[Records from a dataset]
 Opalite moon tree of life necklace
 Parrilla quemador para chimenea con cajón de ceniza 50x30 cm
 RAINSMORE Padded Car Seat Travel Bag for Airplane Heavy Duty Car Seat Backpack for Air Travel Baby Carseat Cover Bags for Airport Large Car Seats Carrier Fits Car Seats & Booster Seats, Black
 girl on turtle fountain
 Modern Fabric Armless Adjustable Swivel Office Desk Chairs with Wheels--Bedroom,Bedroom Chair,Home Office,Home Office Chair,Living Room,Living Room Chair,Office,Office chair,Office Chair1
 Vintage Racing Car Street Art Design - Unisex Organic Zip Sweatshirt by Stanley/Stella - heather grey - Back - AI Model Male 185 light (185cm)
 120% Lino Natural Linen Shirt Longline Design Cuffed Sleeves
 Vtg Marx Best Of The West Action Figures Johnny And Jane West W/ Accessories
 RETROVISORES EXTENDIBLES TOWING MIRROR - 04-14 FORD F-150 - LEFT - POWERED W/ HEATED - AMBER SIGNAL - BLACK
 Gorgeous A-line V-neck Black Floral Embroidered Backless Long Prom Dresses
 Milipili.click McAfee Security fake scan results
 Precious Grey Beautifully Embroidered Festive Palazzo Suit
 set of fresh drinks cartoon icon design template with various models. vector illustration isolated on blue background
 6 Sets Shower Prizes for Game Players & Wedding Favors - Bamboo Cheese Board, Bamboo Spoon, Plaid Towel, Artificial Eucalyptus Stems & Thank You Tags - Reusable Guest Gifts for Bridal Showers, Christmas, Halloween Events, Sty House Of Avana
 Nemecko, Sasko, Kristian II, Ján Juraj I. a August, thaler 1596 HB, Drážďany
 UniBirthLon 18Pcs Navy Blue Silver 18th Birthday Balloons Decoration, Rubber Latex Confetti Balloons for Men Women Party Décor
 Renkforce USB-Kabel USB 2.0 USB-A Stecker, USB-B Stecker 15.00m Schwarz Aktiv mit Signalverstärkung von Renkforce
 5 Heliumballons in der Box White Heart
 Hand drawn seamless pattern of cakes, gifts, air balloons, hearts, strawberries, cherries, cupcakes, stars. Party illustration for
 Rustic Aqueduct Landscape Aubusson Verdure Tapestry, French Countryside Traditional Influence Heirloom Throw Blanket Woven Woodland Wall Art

__WORK REQUEST__:
Count how many lines above carry the word "illustration". Only the number is required.

__EXPECTED ANSWER__:
2